The caucus called for CMS to establish a 90-day reporting period. While the group said the agency's recent policy shift is "a step in the right direction," it added, "We await further details to determine the extent to which this proposal and other provisions in the final rule alleviate potential problems raised by a 2017 start date."

The caucus also noted that MIPS is expected to contribute to the continued consolidation of small practices into larger units because of the administration burden imposed by the program. To help avoid this, it suggested that CMS should do the following:

  • Lower the patient minimum reporting thresholds from the proposed level of 90% of patients from all payers to the current threshold of 50% of Medicare patients that is used in the Physician Quality Reporting System. For physicians using a claims-based method to report quality data, the threshold should drop from 80% to 50% of Medicare patients, the caucus said.

  • Accelerate the introduction of "virtual groups" that small practices could use to measure and report on performance collectively. CMS plans to offer this option in 2018, but the caucus wants it to happen sooner.

  • Raise the low-volume threshold that would exempt some physicians from MIPS. Currently, this threshold applies to eligible professionals who have under $10,000 in allowed Medicare charges and see fewer than 100 Medicare patients per year.

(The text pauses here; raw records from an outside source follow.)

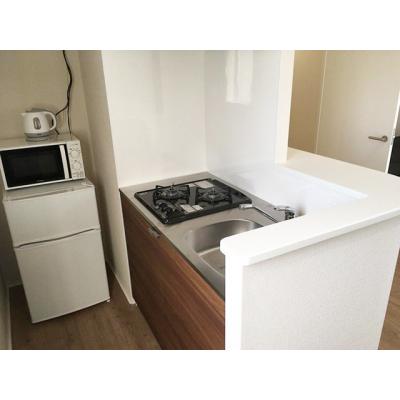 【🎍年末年始大感謝祭🎍】【禁煙🚭/Wi-Fi無料🌐】マイナビSTAY大師橋　403の物件画像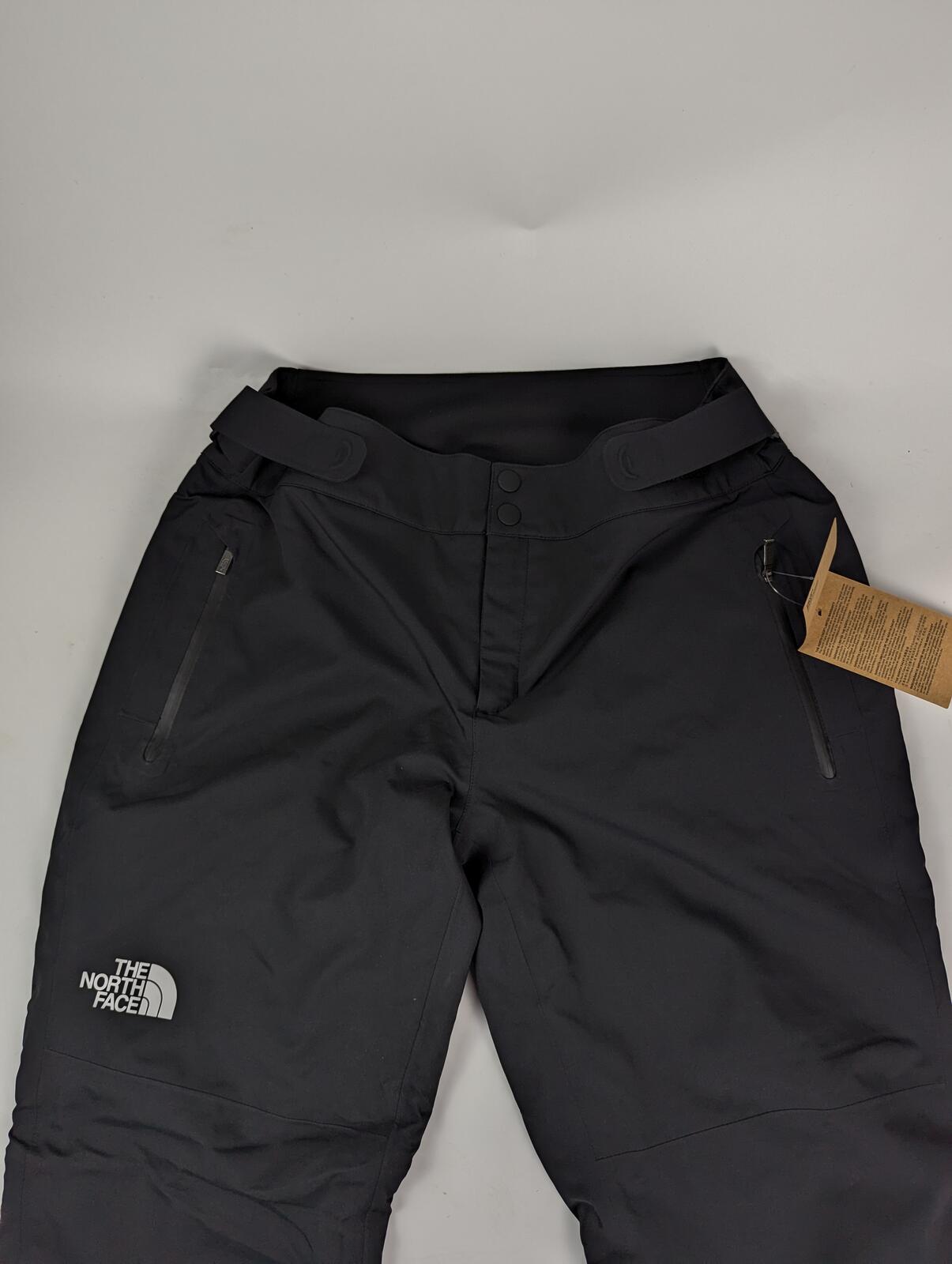 The North Face Women's Lenado Ski Pants - Black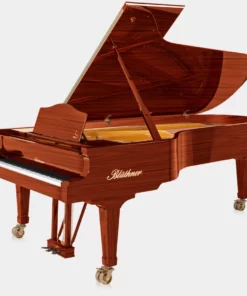 Blüthner Model 1
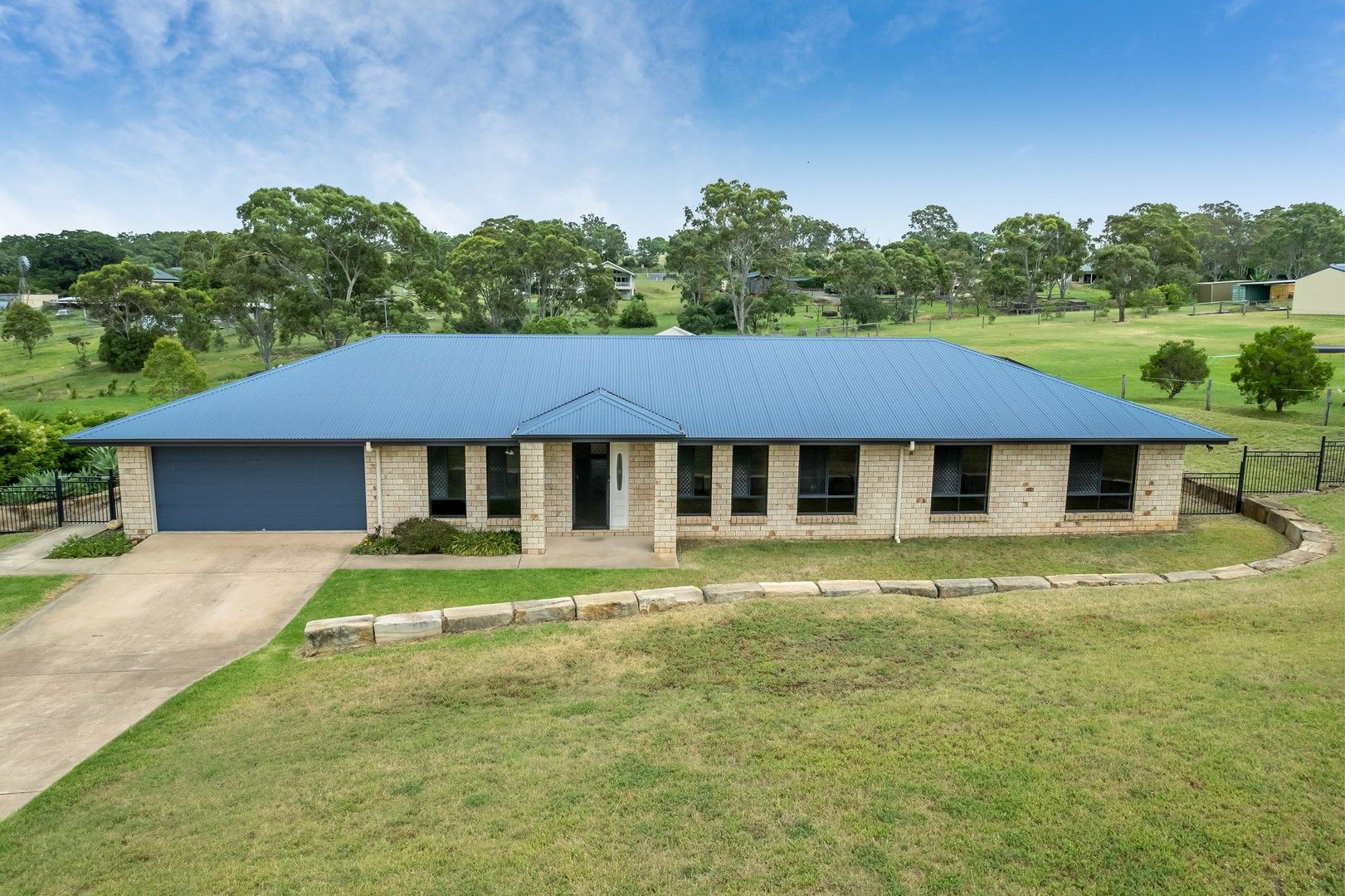 20 Settlers Drive, Gowrie Junction QLD 4352, Image 2
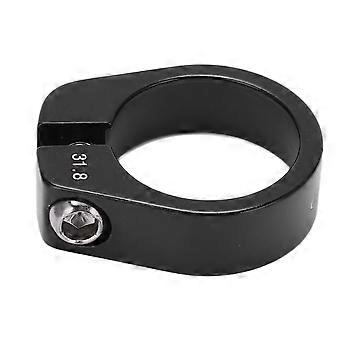 Collier de serrage pour tube de selle de vlo de montagne CANSUCC, en alliage d'aluminium rsistant  l'usure, 31,8 mm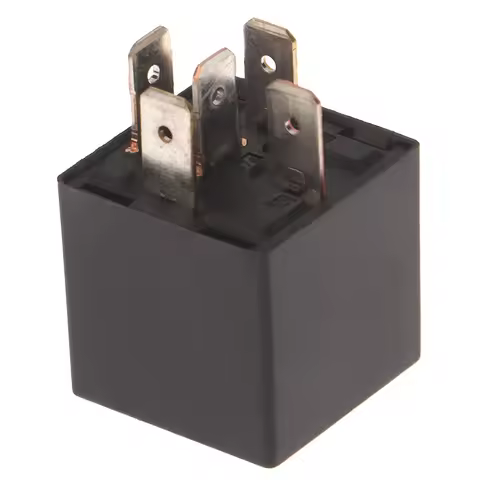 1Pcs New 12V 5-pin Automotive Relay For Matsukawa Multi-Function Relay Assy Switch 896H-1CH-C-R1 U03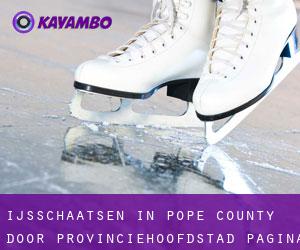 Ijsschaatsen in Pope County door provinciehoofdstad - pagina 1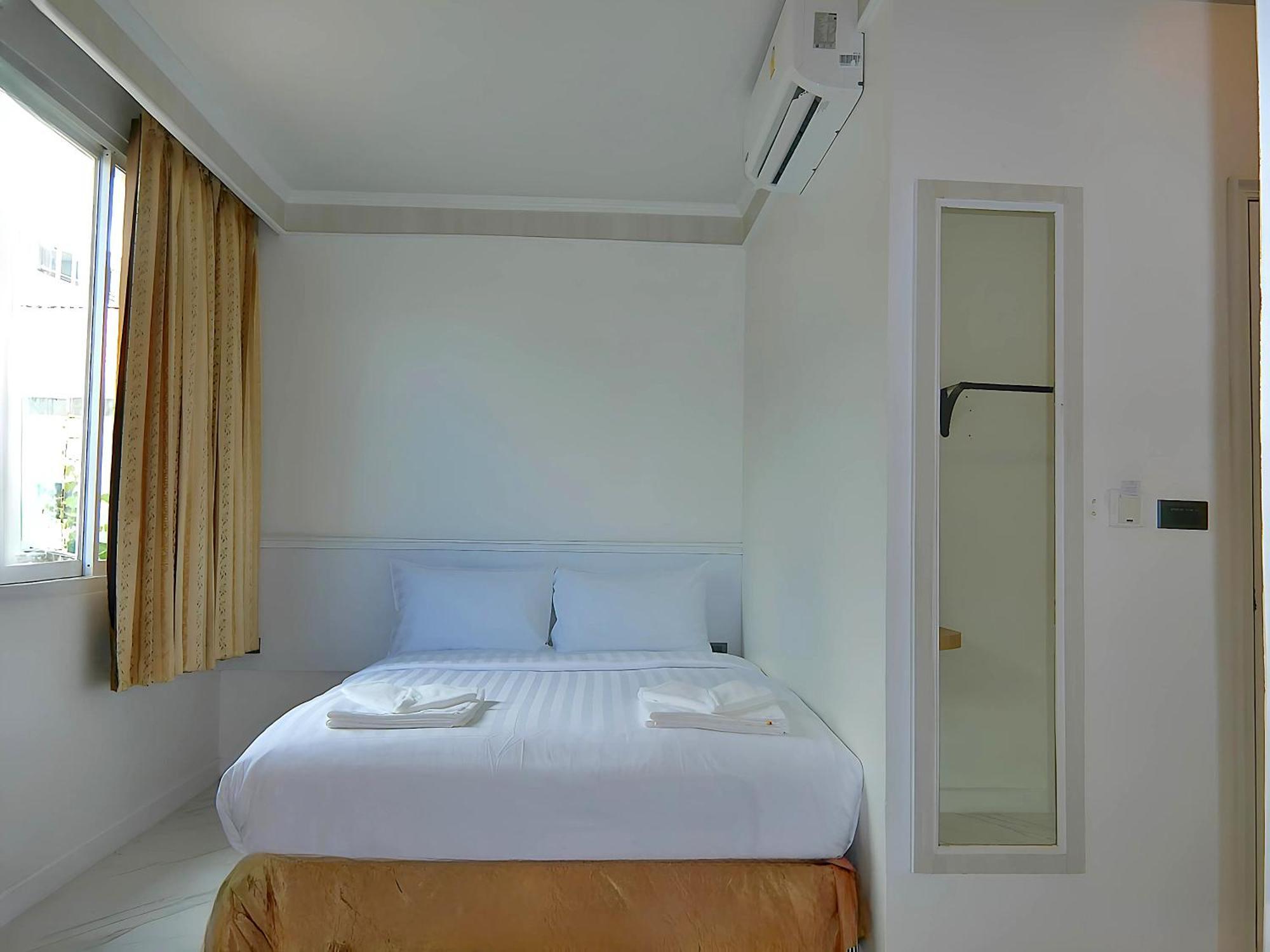Sira Boutique Residence - Newly Renovated Patong المظهر الخارجي الصورة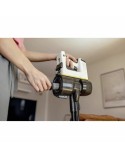 Aspirador sem Saco Kärcher 1.198-632.0 Amarelo Branco Preto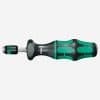 Wera Destornillador D/torque Ajustab 11-29in-lbs 05074711001_0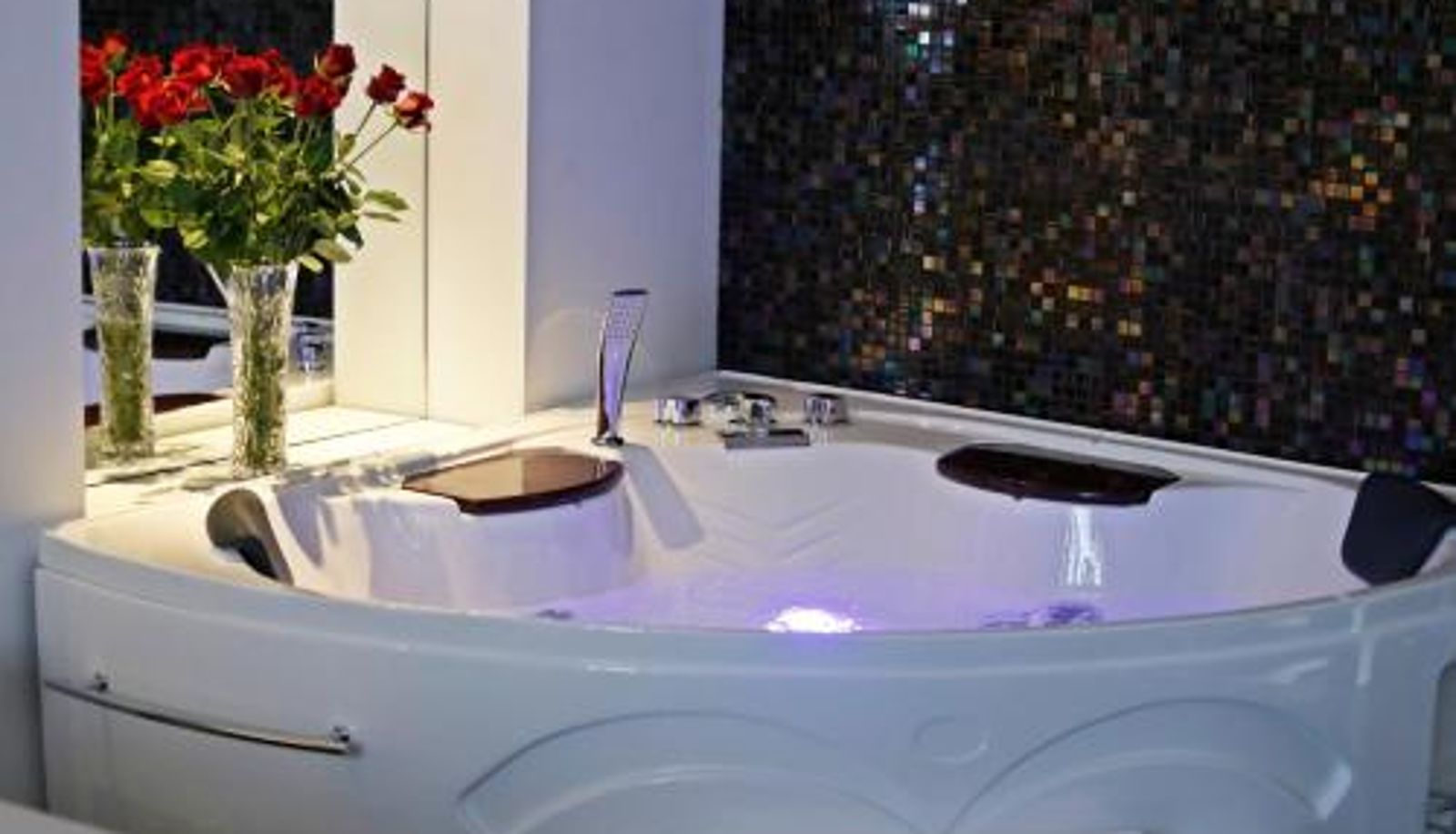 Kamer - Foglie D' Acqua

The caucus would raise this limit to $30,000 in allowed charges or under 100 Medicare patients per year. "This would exclude less than 30% of physicians while still subjecting more than 93% of allowed [Medicare] spending to MIPS," the letter said.

Finally, the caucus objected to CMS's use of resource measures that it says were developed for hospitals and may not provide an accurate or relevant assessment of physician performance. MACRA called for the development of new episode cost measures, but many CMS episode measures have not been adequately reviewed by physicians or tested for use in physician offices, the letter noted. Therefore, the caucus said, CMS should make the resource use category optional for at least a year while the resource use measures are refined and tested.